» What is needed: Write out the listing below exactly, and omit any images you find in it.

Available data: Begin

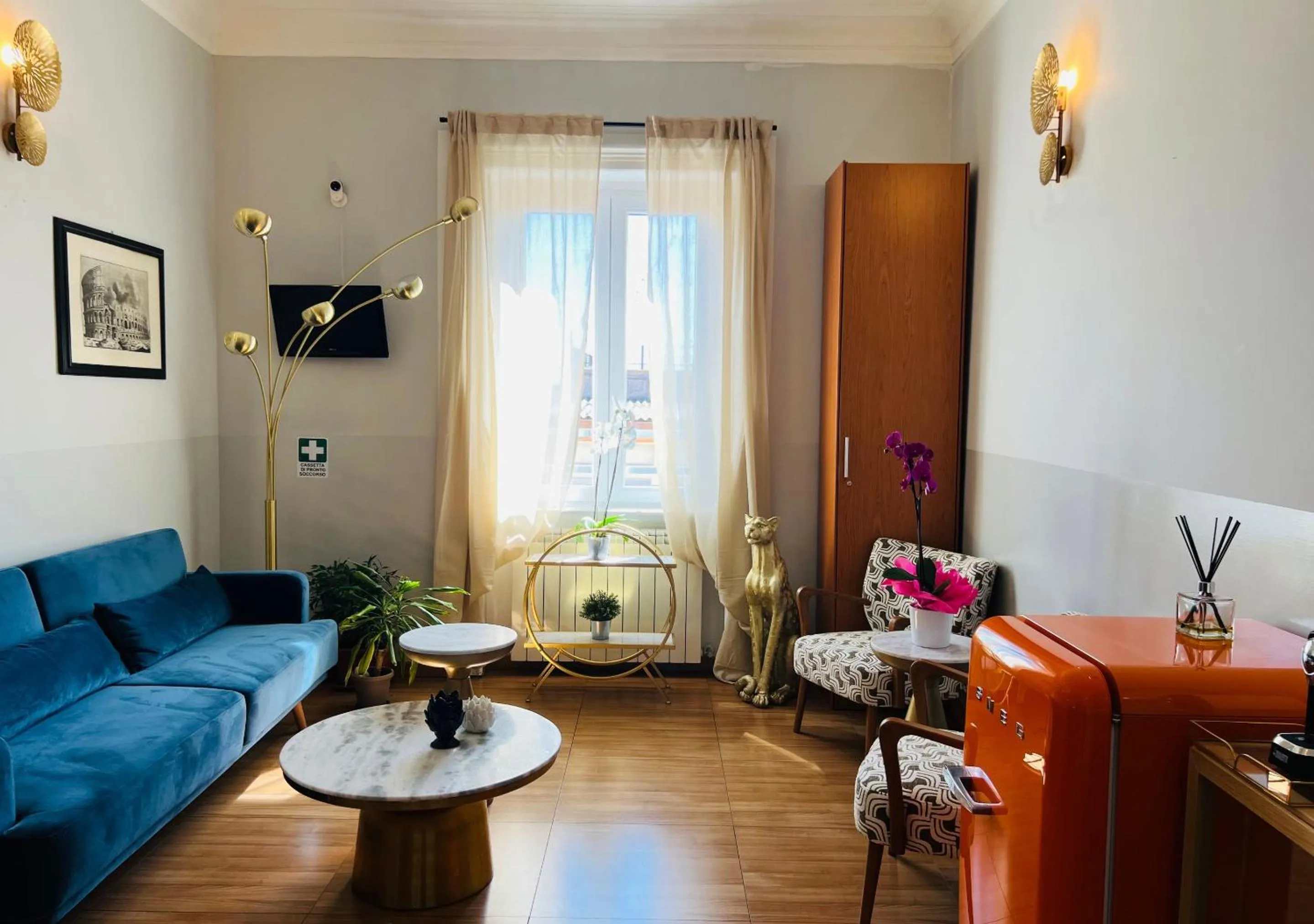 Living room in Bon Ton Design Rooms by DOT Suites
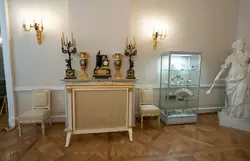 Вестибюль Екатерининского корпуса дворца Монплезир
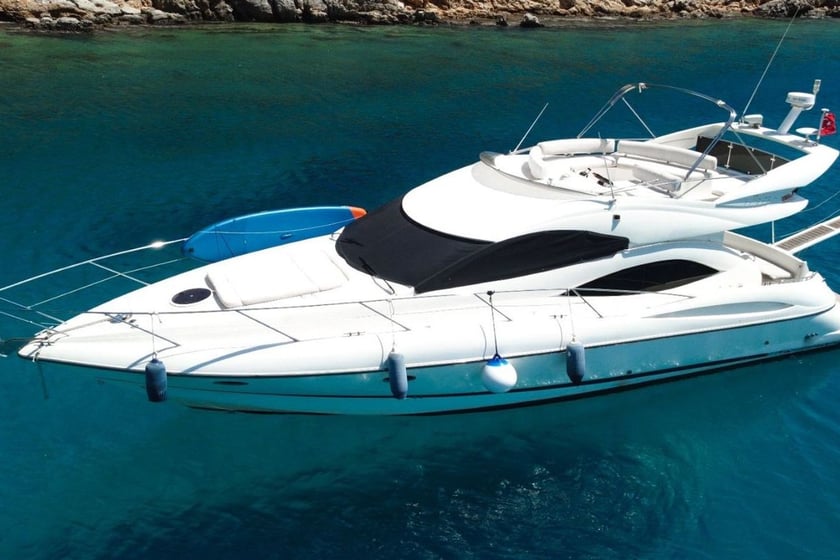 Bodrum Motoryat  Konaklama 4 kişi Seyir 9 kişi 14 m İlan No: #25933 2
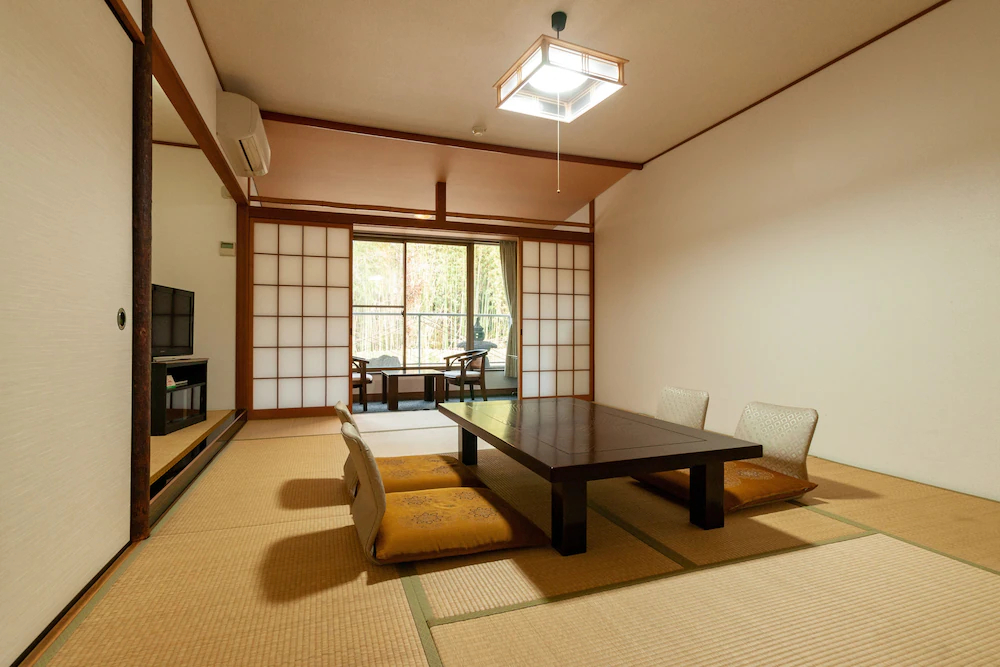 Kikuchi Grand Hotel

Available data: End

» Exercise answer:
 Living room in Bon Ton Design Rooms by DOT Suites
 Вестибюль Екатерининского корпуса дворца Монплезир
 Bodrum Motoryat  Konaklama 4 kişi Seyir 9 kişi 14 m İlan No: #25933 2
 Kikuchi Grand Hotel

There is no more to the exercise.